Outra pesquisa de opinião foi realizada, em 2002, em cidades de quatro
países – Buenos Aires, Argentina; Campinas, Brasil; Salamanca e Valladolid,
Espanha e Montevidéu, Uruguai. Seus resultados ratificaram a confiança que a
sociedade deposita na ciência, ao mesmo tempo em que se considera pouco
informada.
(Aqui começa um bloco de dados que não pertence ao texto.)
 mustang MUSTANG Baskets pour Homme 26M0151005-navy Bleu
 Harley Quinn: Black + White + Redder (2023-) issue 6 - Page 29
No relatório final publicado, em 2003, pela Unicamp e Fapesp, sob o
título Percepção Pública da Ciência, constata-se que 72% dos entrevistados
acreditavam que o desenvolvimento da ciência e da tecnologia era o principal motivo
de melhoria da qualidade de vida da sociedade, porém, 85,9% negaram que a
ciência e a tecnologia pudessem solucionar todos os problemas. A grande maioria
dos entrevistados, 94,5%, assinalou a importância de participar de questões de
ciência e tecnologia, apesar de reconhecer que não tinha conhecimento suficiente
para exercer essa prática (VOGT; POLINO, 2003).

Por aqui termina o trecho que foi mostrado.